In a random sampling of public opinion taken by the Forum Poll™ among 1572 Canadian voters, 4-in-10 would vote Liberal if the election were held today (39%), while 3-in-10 would vote Conservative (30%), and these findings have not changed since last month (March 29 - Liberals 39%, Conservatives - 29%). The NDP will take one fifth of the vote (20%), down very slightly from last month (22%). Few would vote Green (4%) or Bloc Quebecois (6%) or for any other party (1%). The Liberal vote is common to the wealthiest ($80K to $100K - 46%, $100K to $250K - 43%), Atlantic Canada (59%), and BC (45%). The Conservative vote is common to the oldest (34%), in the prairies (49%) and, especially, in Alberta (56%). The NDP vote is characteristic of the youngest (32%), mid income groups ($40K to $60K - 26%) and in Quebec (24%). Of note, one fifth of past Conservative voters will vote Liberal this time (19%), as will one third of past New Democrat voters (32%). In contrast, few past Liberal voters will vote for either of the other parties (will vote Conservative - 6%, will vote NDP - 7%).

Bare majority for Liberals

If these results are projected up to seats in a 308 seat House of Commons, the Liberals would capture a 3 seat majority of 158. The Conservatives will be in line for 100 seats, while the NDP would take 39, the Bloc 10 and the Green Party would retain the leader's seat.

Mulcair favourables up

NDP leader Thomas Mulcair has seen his approval rating increase from just more than a third last month (37%) to closer to half today (44%) and his net favourable rating (approve minus disapprove) is a very positive +16, well up from +4. Prime Minister Harper (approval 31%, net -29) and Liberal leader Justin Trudeau (approval 46%, net +8) have seen their ratings stay stable (Harper - 33% and -24, Trudeau - 44% and +5, respectively).
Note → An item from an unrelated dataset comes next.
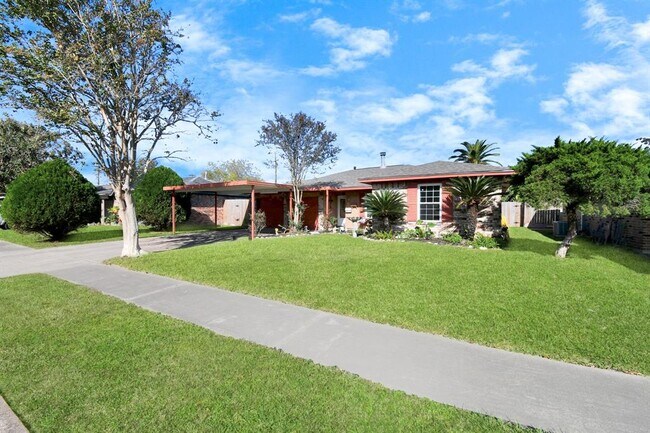 Foto del edificio - 1110 E Brown Ln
Trudeau now seen as best PM

Justin Trudeau would make the best Prime Minister according to the plurality (30%), followed by a quarter who opt for the incumbent Stephen Harper (25%). Fewer than a fifth select Tom Mulcair (17%). Just one tenth picks Elizabeth May (10%), while one fifth have no opinion on this measure (18%). There have been no significant changes on this measure in the last month.

Trudeau leads or ties on all attributes except the economy

Of the attributes tested, Justin Trudeau leads for having the best vision for Canada (32%), compared to Harper (25%), Mulcair (15%) or May (8%). One fifth of NDP voters pick Trudeau on this measure (18%). Trudeau is also most likely to be seen as the leader who cares about people like the respondent (28%, Harper and Mulcair 20% each, May 11%). Trudeau is essentially tied with Harper for most trustworthy (24% and 22%, respectively) while Mulcair (18%) and May (15%) follow close behind. For handling the economy, Stephen Harper is preferred (35%) to Trudeau (24%) or Mulcair (16%). Few pick May (5%).

Past NDP, Conservative voters now supporting Liberals

Six-in-ten past New Democrat voters (61%) and about one eighth of past Conservative voters (16%) say they will vote for whichever party has the best chance of defeating the Conservatives this time. This represents a decline from last fall among Conservatives with this view, but a solid increase among NDP past voters (September 2013 - past Conservatives - 24%, past New Democrats - 42%). One quarter of past Conservatives (26%) and close to one half of past New Democrats (45%) say they don't usually vote Liberal but might vote for Justin Trudeau, and these are the same proportions as in the fall (past Conservatives - 25%, past New Democrats - 42%). As many as one quarter of past Conservative voters say the party has become too right wing for them to support anymore (26%), similar to last year's finding (28%). A similar proportion of past Conservative voters say their party has been in power too long (26% now, 24% last year), and even one tenth of those who will vote for them next time think they have had power for too long (13%). Three-in-ten past New Democrats will not vote for the party this time (30%) and this is an increase since last year (26%).


This race is stable, contrary to some reports, and the Liberals maintain their comfortable lead. A growing comfort with Trudeau as leader, one year into his tenure, and the support of a substantial proportion of those who voted NDP in the last election implies this will continue to be the case," said Forum Research President, Dr. Lorne Bozinoff.